--- RECORDS TO PROCESS ---

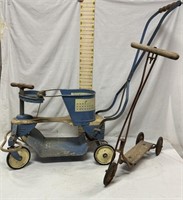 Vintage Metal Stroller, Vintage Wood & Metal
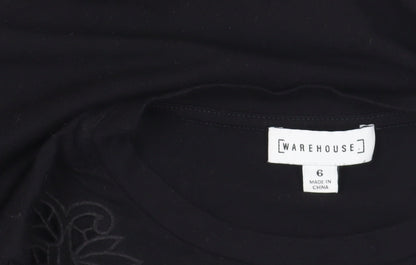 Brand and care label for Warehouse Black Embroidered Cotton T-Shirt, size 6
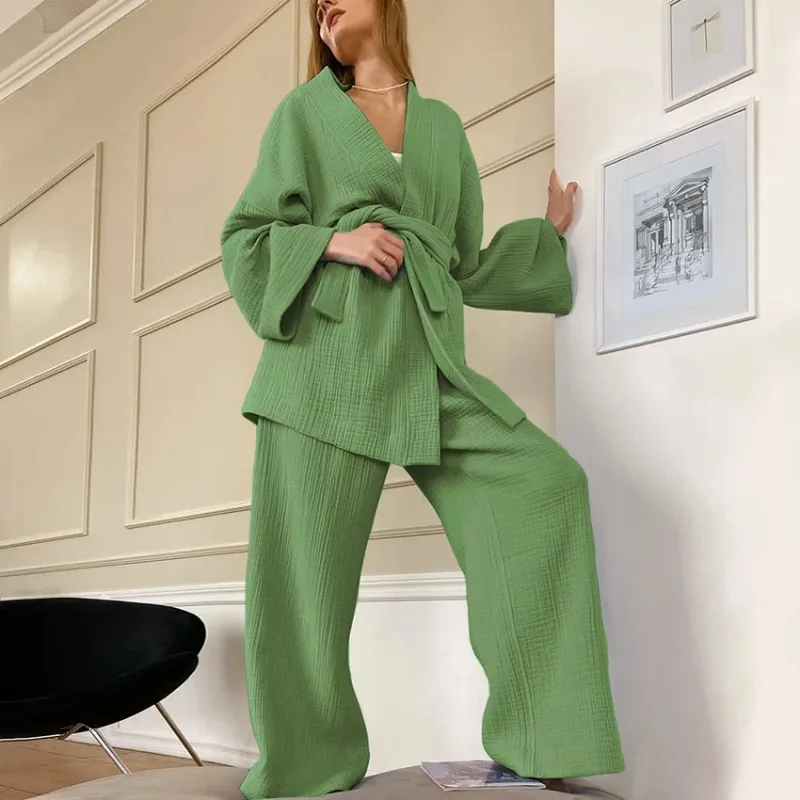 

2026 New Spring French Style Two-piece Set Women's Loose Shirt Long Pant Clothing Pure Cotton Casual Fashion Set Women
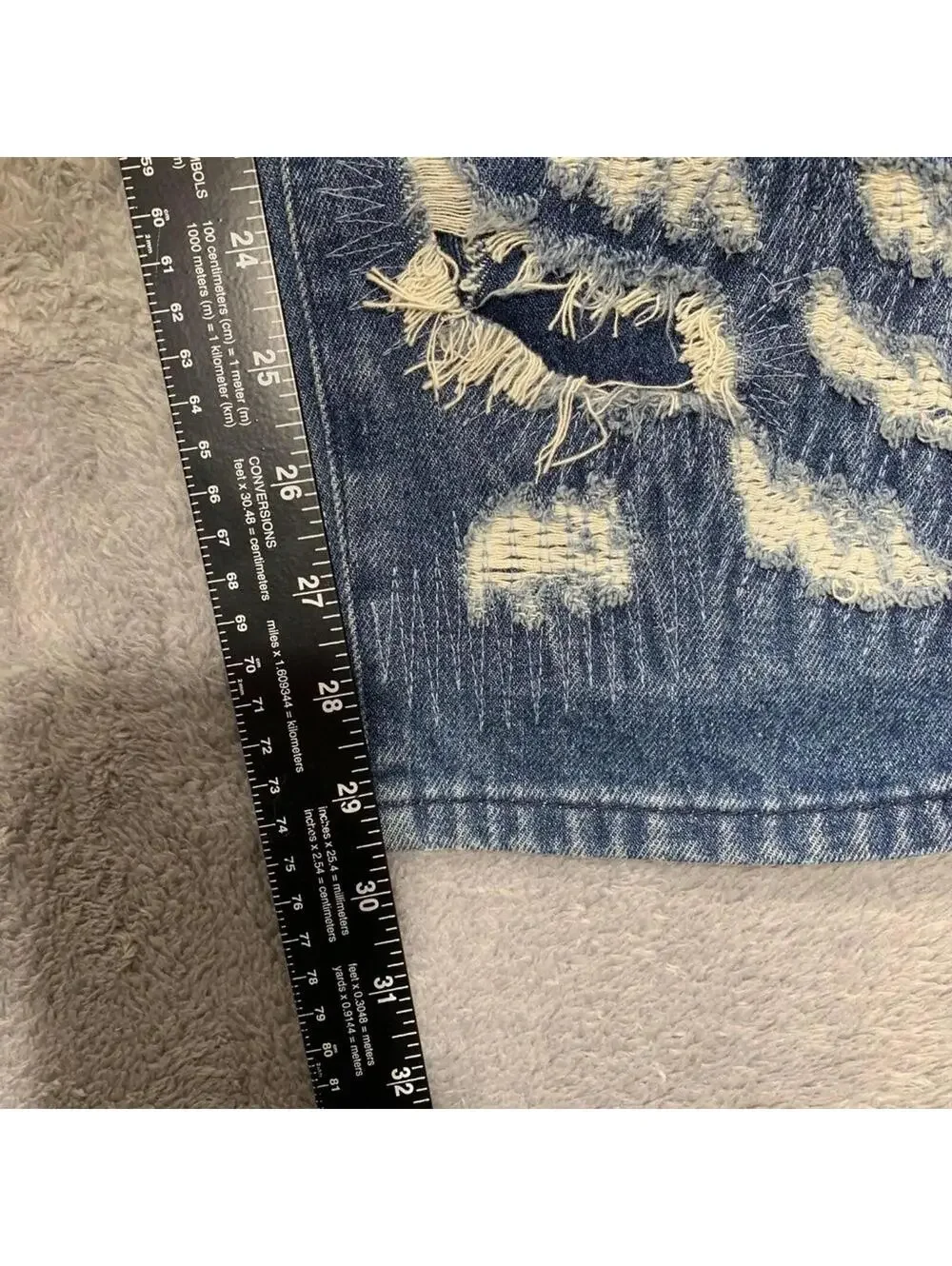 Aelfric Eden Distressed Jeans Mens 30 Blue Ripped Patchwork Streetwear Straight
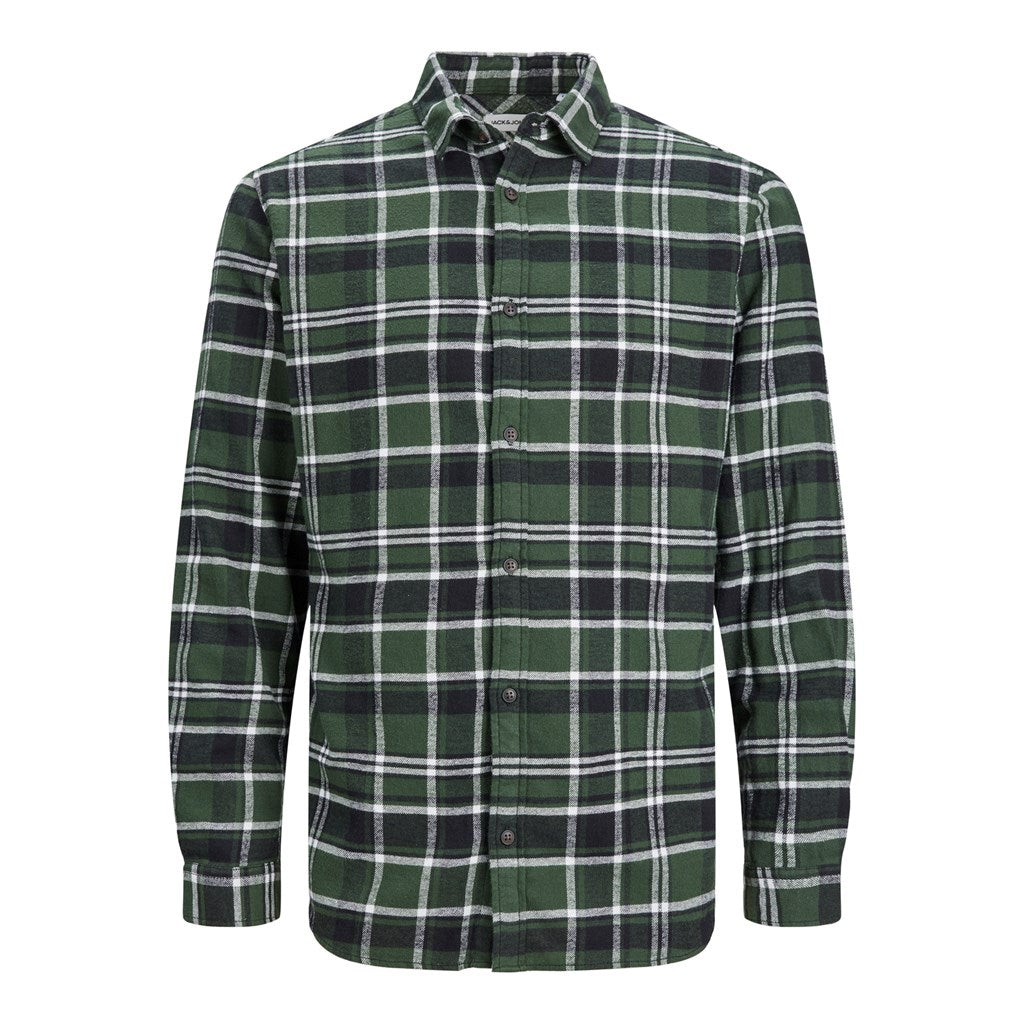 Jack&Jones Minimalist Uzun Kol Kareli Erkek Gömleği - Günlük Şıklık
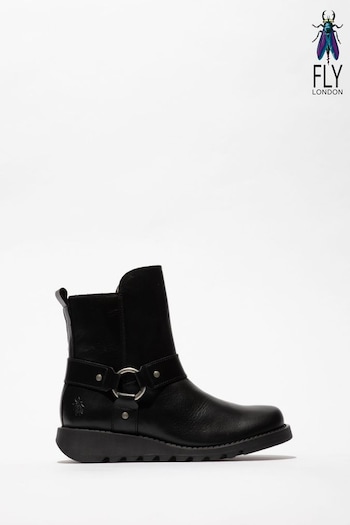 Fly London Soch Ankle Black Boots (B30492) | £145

---
--- RECORDS TO PROCESS ---

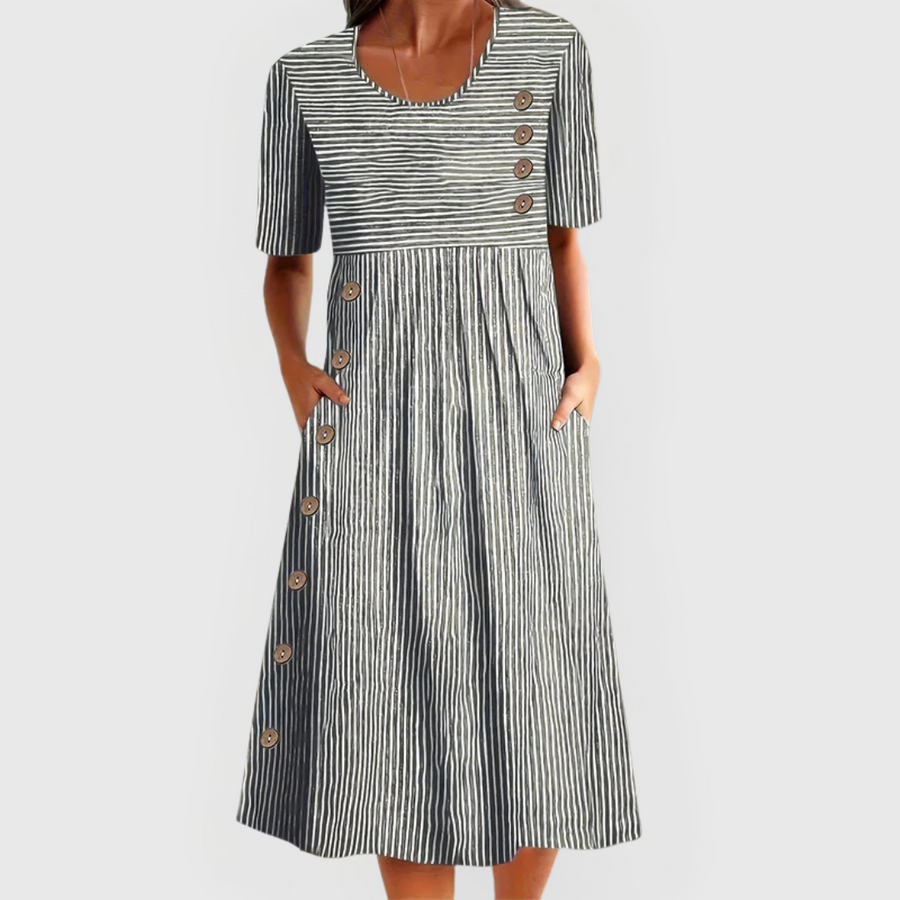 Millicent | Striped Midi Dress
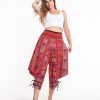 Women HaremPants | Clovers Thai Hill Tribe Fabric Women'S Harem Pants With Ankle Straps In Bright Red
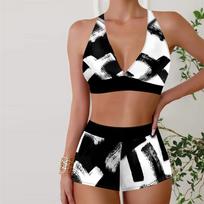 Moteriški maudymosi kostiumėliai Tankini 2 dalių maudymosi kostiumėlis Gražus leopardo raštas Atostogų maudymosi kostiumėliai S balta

---
--- RECORDS TO PROCESS ---

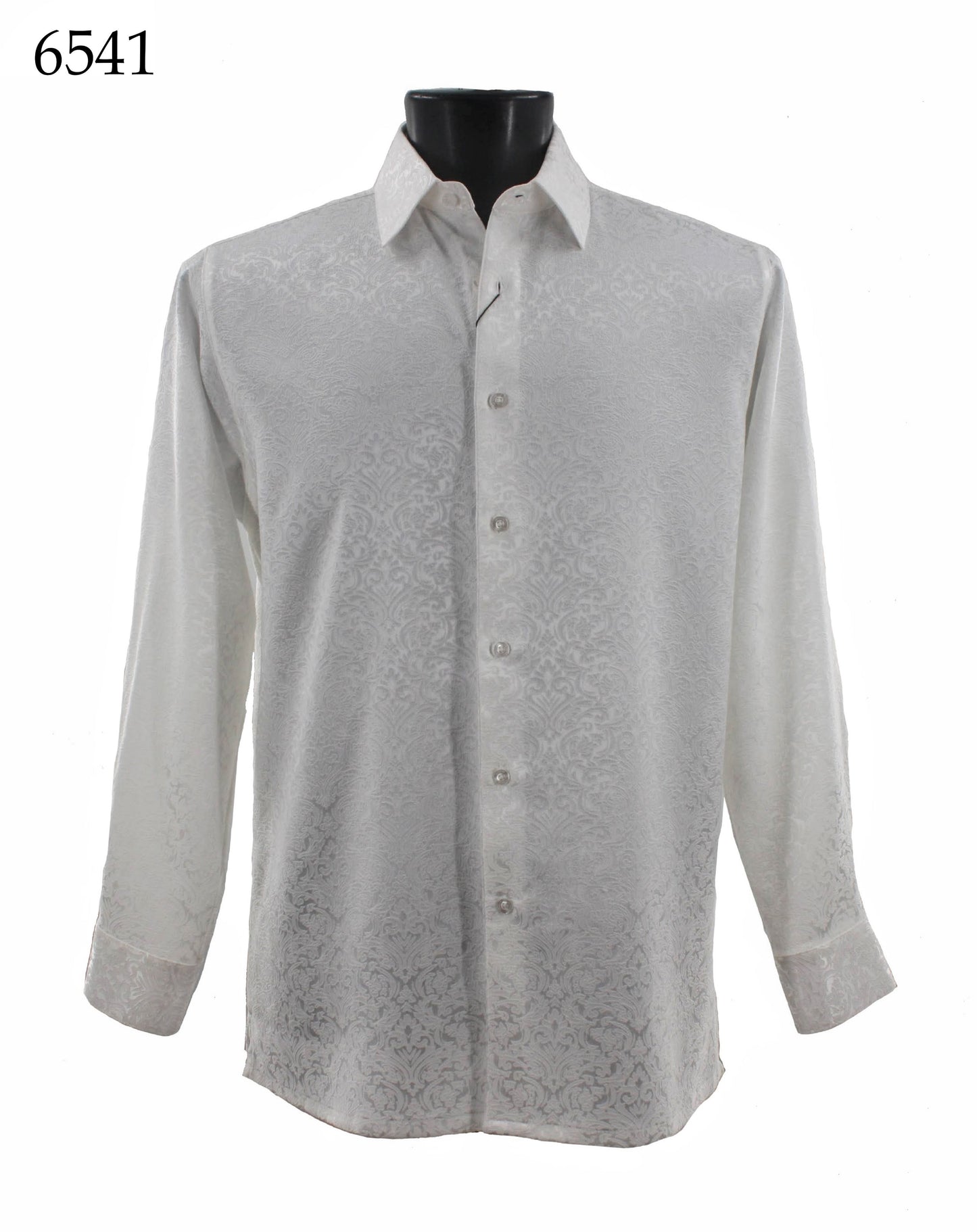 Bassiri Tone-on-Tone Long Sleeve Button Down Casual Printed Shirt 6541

---

* REQUIRED ACTION
Using the data above, set down each line from the line with "Vintage Metal Stroller, Vintage Wood & Metal" to the line with "Fly London Soch" exactly, both ends included, and leave the pictures behind. Nothing else belongs.

* WRITTEN SOLUTION
 Vintage Metal Stroller, Vintage Wood & Metal
 Brand and care label for Warehouse Black Embroidered Cotton T-Shirt, size 6

2026 New Spring French Style Two-piece Set Women's Loose Shirt Long Pant Clothing Pure Cotton Casual Fashion Set Women
 Aelfric Eden Distressed Jeans Mens 30 Blue Ripped Patchwork Streetwear Straight
 Jack&Jones Minimalist Uzun Kol Kareli Erkek Gömleği - Günlük Şıklık
 Fly London Soch Ankle Black Boots (B30492) | £145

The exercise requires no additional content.